> _WORK REQUIRED_
Please reply with one number only: how many lines in the entries below contain the string "Ford".

> _MATERIALS PROVIDED_
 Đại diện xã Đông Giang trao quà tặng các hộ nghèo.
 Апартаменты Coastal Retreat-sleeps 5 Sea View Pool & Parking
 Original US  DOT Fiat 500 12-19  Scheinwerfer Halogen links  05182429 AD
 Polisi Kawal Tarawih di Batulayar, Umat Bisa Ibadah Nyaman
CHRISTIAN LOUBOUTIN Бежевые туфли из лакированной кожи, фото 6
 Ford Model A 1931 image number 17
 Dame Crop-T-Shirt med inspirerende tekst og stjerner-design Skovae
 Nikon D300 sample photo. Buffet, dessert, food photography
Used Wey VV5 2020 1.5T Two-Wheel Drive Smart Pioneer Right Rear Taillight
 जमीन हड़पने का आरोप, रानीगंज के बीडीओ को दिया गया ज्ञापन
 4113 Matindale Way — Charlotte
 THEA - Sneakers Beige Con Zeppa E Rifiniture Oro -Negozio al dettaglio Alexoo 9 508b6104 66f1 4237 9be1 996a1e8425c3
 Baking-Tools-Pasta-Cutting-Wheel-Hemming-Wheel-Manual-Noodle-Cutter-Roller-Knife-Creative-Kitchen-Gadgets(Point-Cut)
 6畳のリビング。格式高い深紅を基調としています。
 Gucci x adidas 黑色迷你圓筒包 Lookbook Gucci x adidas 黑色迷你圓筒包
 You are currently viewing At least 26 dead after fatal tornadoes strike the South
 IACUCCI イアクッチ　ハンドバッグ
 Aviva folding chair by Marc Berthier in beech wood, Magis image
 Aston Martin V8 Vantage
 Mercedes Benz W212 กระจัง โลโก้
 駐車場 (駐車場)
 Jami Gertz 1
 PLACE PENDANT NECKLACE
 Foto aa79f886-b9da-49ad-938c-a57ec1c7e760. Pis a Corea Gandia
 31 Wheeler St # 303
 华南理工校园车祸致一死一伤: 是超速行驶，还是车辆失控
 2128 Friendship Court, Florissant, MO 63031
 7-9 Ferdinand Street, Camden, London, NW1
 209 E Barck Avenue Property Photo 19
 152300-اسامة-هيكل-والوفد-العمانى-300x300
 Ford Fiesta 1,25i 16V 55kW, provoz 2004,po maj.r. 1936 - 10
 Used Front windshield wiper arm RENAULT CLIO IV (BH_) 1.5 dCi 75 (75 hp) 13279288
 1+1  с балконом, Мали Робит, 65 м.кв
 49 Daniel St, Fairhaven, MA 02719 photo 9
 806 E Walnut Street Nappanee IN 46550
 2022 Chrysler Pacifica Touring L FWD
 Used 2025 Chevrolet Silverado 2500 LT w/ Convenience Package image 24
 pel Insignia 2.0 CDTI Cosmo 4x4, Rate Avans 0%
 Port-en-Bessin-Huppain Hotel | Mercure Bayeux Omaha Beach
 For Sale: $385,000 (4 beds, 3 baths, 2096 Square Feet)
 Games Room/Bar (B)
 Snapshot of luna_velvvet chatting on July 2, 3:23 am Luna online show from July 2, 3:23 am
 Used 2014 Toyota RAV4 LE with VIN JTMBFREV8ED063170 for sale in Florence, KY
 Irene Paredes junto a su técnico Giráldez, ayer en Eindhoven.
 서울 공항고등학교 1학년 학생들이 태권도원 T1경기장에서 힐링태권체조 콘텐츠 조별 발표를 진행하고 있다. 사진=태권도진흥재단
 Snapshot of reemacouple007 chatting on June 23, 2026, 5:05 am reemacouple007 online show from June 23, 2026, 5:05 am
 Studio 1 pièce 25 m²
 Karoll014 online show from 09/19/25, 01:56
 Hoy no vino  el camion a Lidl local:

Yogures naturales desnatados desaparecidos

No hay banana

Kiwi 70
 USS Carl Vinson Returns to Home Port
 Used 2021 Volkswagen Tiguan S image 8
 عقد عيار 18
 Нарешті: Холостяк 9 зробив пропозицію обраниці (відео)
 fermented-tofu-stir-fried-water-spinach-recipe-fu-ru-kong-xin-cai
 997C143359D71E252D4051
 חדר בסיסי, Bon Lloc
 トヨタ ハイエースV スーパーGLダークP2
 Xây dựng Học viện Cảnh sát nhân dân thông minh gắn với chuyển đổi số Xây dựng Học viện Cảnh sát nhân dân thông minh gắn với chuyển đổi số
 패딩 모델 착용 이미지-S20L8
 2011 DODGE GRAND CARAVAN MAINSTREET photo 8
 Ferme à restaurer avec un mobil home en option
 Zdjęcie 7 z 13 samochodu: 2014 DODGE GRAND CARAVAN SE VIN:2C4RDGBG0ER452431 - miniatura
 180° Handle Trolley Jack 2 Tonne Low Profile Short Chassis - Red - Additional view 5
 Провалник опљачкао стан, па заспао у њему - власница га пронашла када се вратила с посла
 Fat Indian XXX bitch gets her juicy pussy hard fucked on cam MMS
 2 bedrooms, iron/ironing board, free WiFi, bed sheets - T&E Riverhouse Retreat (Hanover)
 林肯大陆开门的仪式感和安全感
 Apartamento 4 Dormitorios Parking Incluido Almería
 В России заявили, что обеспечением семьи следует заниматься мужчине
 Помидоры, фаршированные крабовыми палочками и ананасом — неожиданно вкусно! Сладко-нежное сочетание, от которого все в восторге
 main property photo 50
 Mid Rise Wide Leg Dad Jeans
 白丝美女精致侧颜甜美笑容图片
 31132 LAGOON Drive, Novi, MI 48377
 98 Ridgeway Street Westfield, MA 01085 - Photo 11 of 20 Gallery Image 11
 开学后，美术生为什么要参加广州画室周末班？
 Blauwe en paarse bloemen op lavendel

> _WRITTEN RESPONSE_
2